Griffith’s medical industry has been diagnosed with a chronic staff shortage, but doctors say they may have come up with a cure.
The campus director of the University of NSW Murrumbidgee Regional Medical Training Hub has devised a cunning 'multi-prong strategy' which could entice more young doctors into the region.
Doctor Damien Limberger said UNSW would start a marketing campaign to promote Griffith and a four-year training program for young doctors.
Dr Limberger said the plan involved getting young people to come for the training and stay for the comfortable Griffith lifestyle.
“Doctors who rotate to the Griffith region for work say they would never come here if it wasn’t for their job,” Dr Limberger said.
“But once they come here and they settle for a couple of weeks they enjoy their time.”

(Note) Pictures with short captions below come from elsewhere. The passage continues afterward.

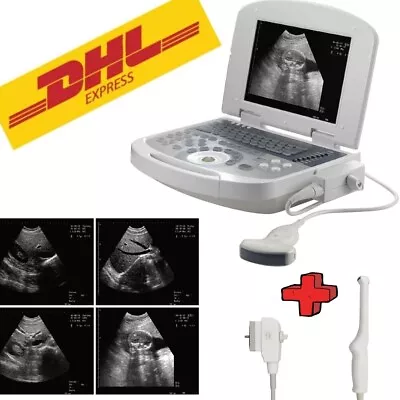 Handheld Digital Ultrasound Machine Medical - Convex Probe+Transvaginal Probe • $2548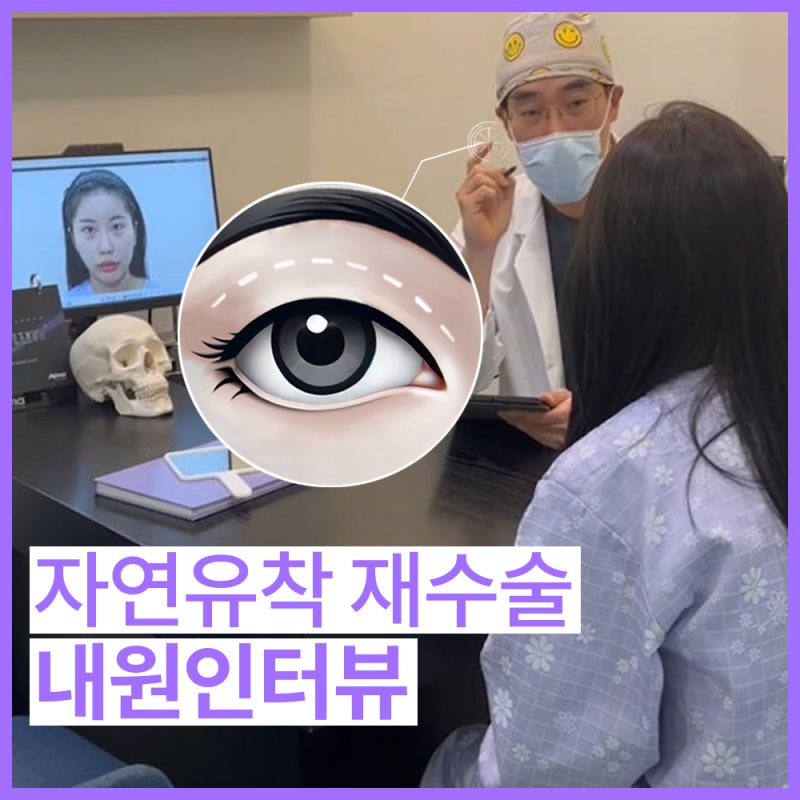 쌍꺼풀수술을 하는데에 고려할 사항 [꿈꾸는성형외과]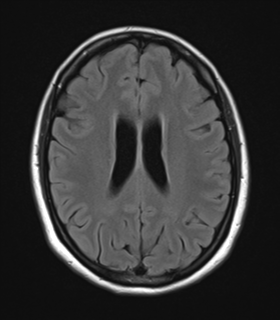 File:Cavernoma with bleed - midbrain (Radiopaedia 54546-60774 Axial FLAIR 20).png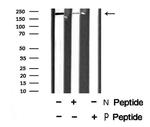 Phospho-MYLK (Tyr471) Antibody in Western Blot (WB)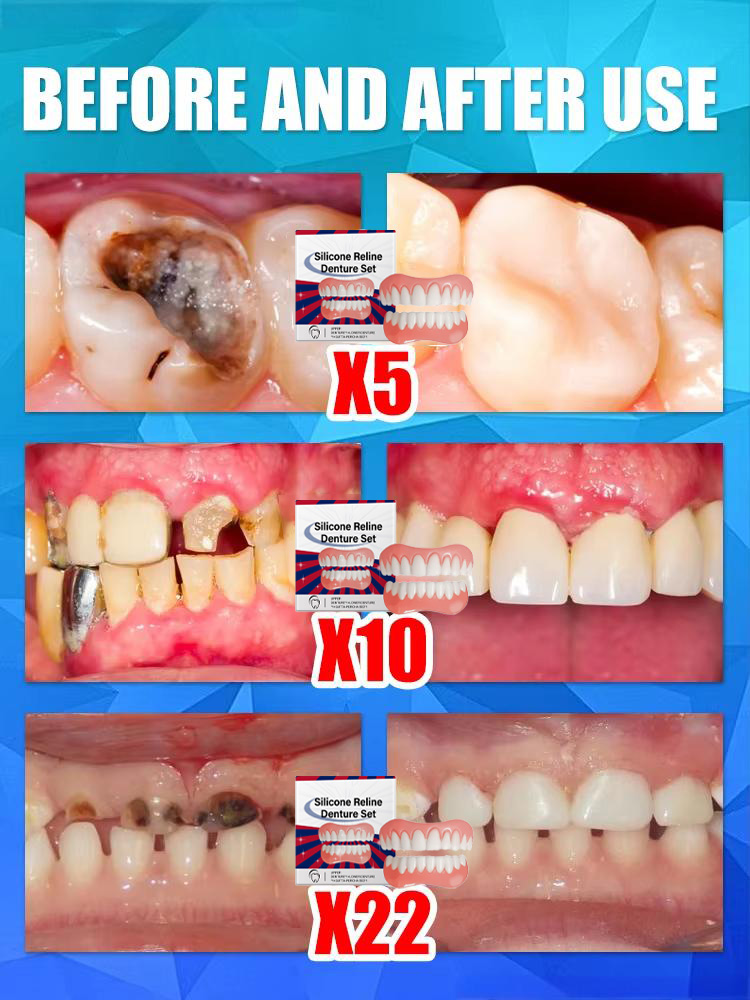 False Teeth Silicone Upper Low - Teeth Whitening For Braces recension och pris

Dr Limberger himself came to Griffith 11 years ago intending to stay for one year, but he ended up falling in love with the town and the rural clinic has been unable to get rid of him since.
Dr Luke Manestar-Forde is an anaesthesiologist and UNSW tutor who can put his students to sleep without anaesthetics, and he said rural doctor shortages were a problem Australia-wide.
“It’s all about making things more attractive and showing the advantages of rural health,” he said.
Member for Murray Austin Evans said his electorate desperately needed more doctors.
“What Damien is doing is crucial,” Mr Evans said.
“Getting professionals out to these areas is tough, but once you get them into the community they just love it.”